Zack shook his head. “Liam, listen to me. You don’t know the whole—”

“Save your breath,” Ivy said. “He’s too smart for your lies.”

She looked to Mercy. “Take him downstairs. Keep him safe.”

Mercy took Liam by the arm and walked him to the elevator. “Come on, kid.”

They disappeared into the elevator together. Zack glared at Ivy. “You poisoned him against Peter.”

“Peter poisoned him against Peter. He abandoned his one and only son for a group of alien strangers. How would you feel?”

“You know damn well why he did it.”

“Oh, I know all about his delusions.”

Zack laughed. “His delusions?”

“All this time, and you still think you’re the good guys.”

“Compared to you, we’re the goddamn Justice League.”

Ivy pressed the gun against his face, grinding his teeth through his cheek. “Stop lying and tell me what Azral and Esis are up to.” She cocked her pistol. “You’re a visual man. Try to imagine what will happen if you shoot your mouth off again.”

Zack’s heart hammered. “I don’t know what they’re planning!”

“Yes you do!”

“I hate them as much as you do!”

“Really? Did they kill your children? Did they murder your babies in the womb?”

“Ivy.”

She turned around and saw Rebel at the top of the stairwell. She stumbled toward him. “We have no reason to keep him alive!”

“Yes we do.” Rebel approached her and pulled her into his arms. “He’s got one more role to play. Just stick to the plan.”

Ivy buried her face in his shoulder. “I can’t take it anymore.”

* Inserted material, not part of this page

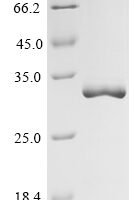 Human Caspase-3 (CASP3),Partial Recombinant Protein - BioCrest Sci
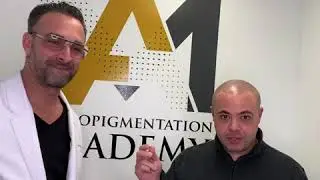 Effective Scalp Micropigmentation Treatment results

“Yes, you can. You’re the strongest person I know. Don’t lose hope, angel. This is it.”

Rebel pressed his forehead to hers, his voice choked with emotion. “This is the day we save everyone.”

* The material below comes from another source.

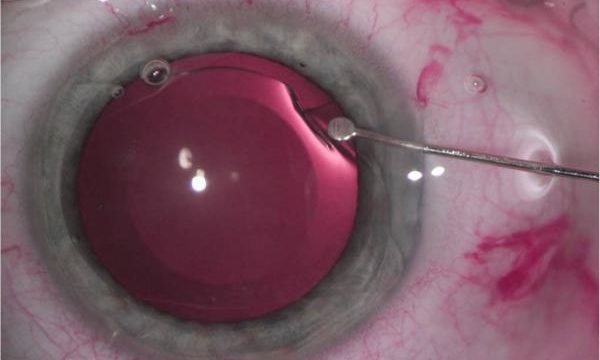 lexummedica-icl-zdj-5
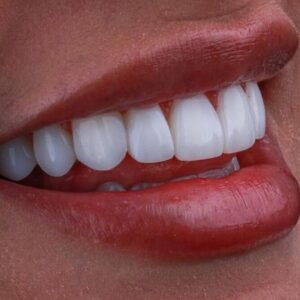 Can Zirconia Crowns Get Cavities?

Zack swallowed a scream, torn between his disgust and his pity for these sad fools. He could remember a time, a thousand years ago, when he hugged Amanda in the basement of a Brooklyn brownstone and assured her in similar fashion that everything would be okay. What an idiot he’d been. What a bunch of suckers they all were—the Gothams, the breachers, all the hapless little victims of the Pelletiers. They were all going to war here in Atropos, while the real villains watched them and smiled.